=== DATA RECORDS ===
┌──
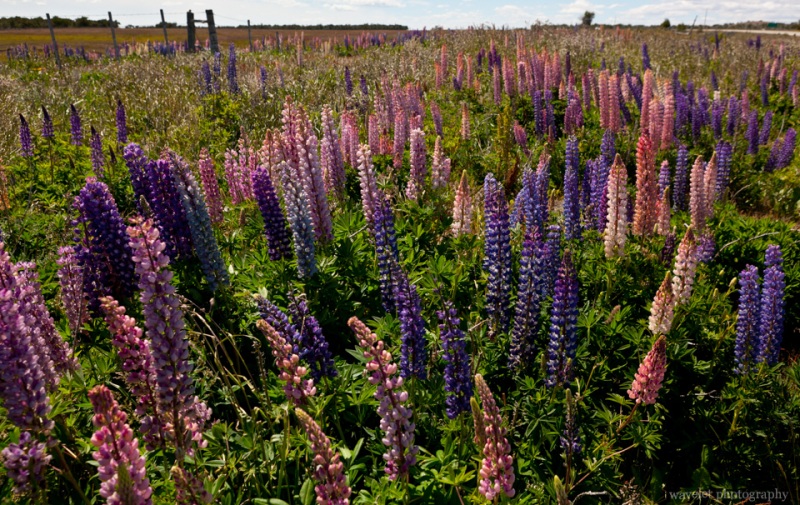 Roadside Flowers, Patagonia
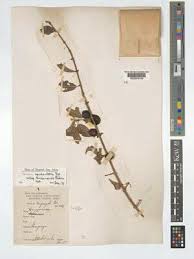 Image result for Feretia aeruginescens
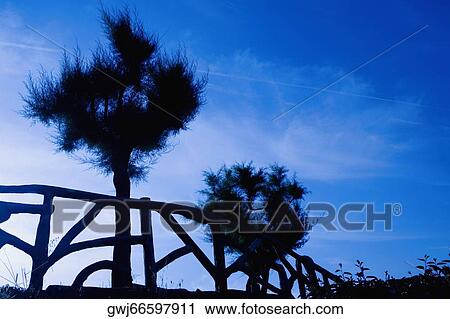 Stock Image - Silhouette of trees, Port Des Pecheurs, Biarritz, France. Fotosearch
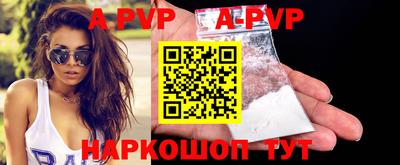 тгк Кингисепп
└──
┌──
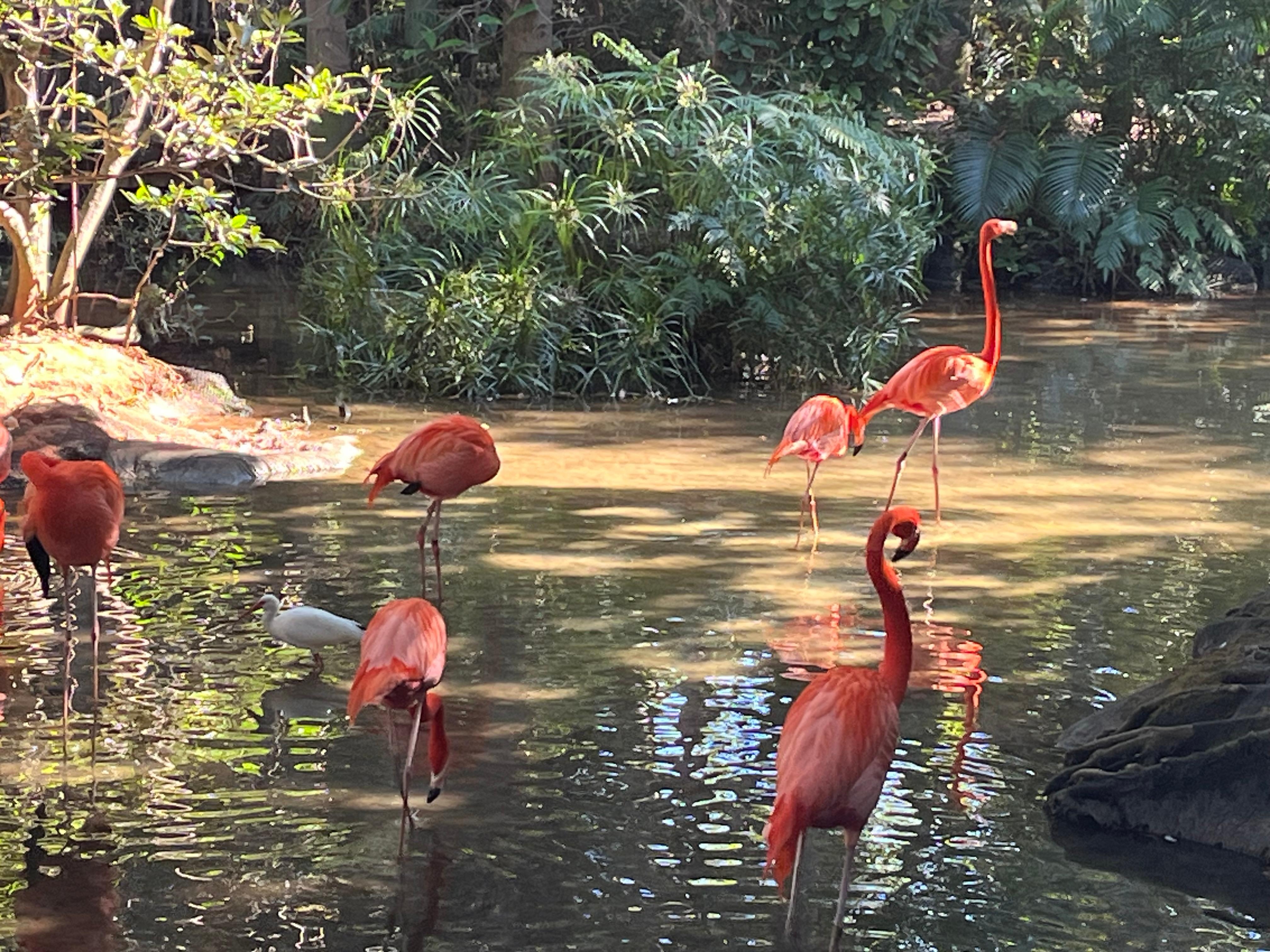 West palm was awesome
└──
┌──
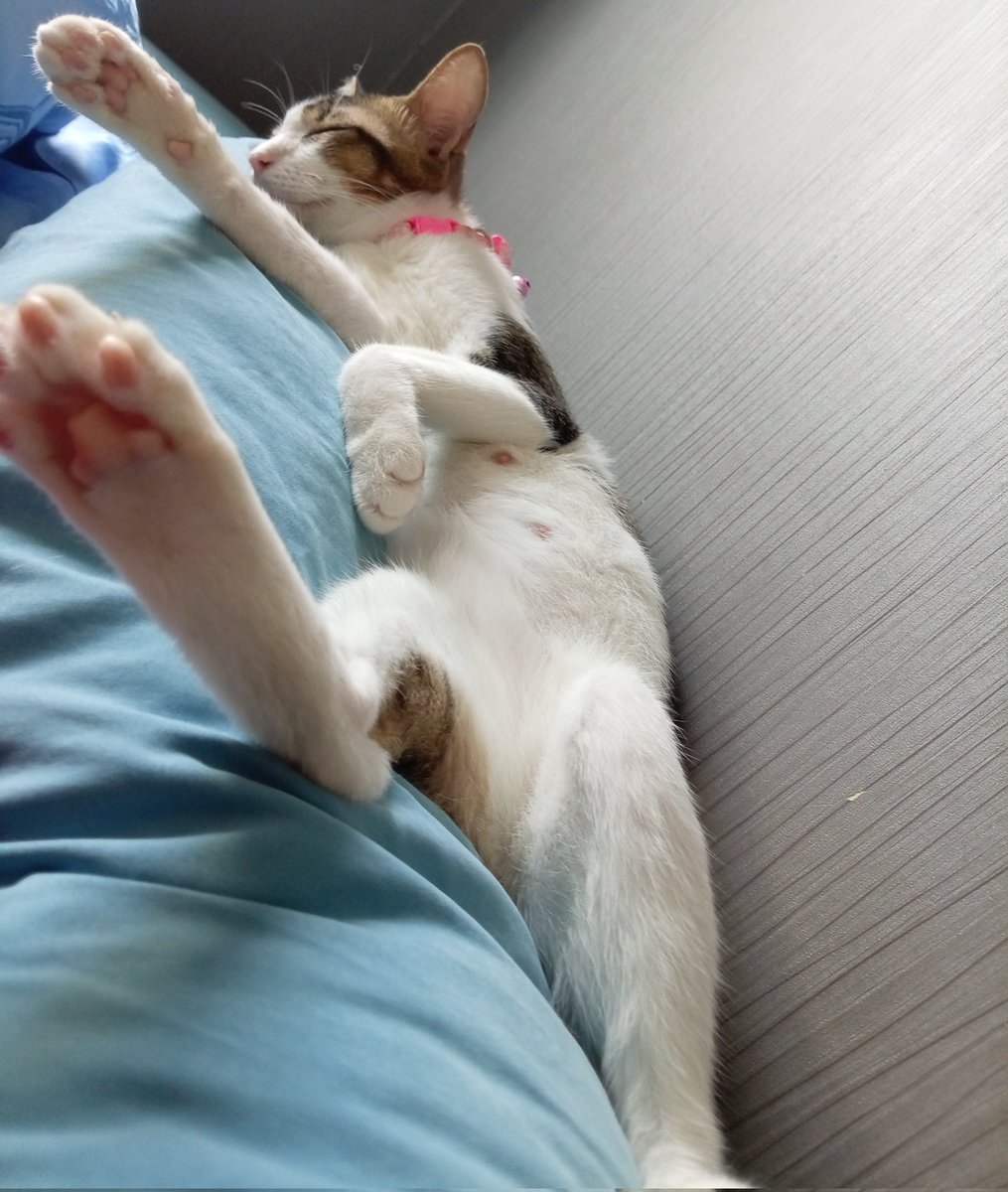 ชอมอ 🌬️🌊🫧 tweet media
└──
=== WORK ITEM ===
Please repeat the lines of the material above exactly, starting with the line that contains "Roadside Flowers, Patagonia" and ending with the line that contains "тгк Кингисепп". Leave the pictures out.

=== TASK RESPONSE ===
 Roadside Flowers, Patagonia
 Image result for Feretia aeruginescens
 Stock Image - Silhouette of trees, Port Des Pecheurs, Biarritz, France. Fotosearch
 тгк Кингисепп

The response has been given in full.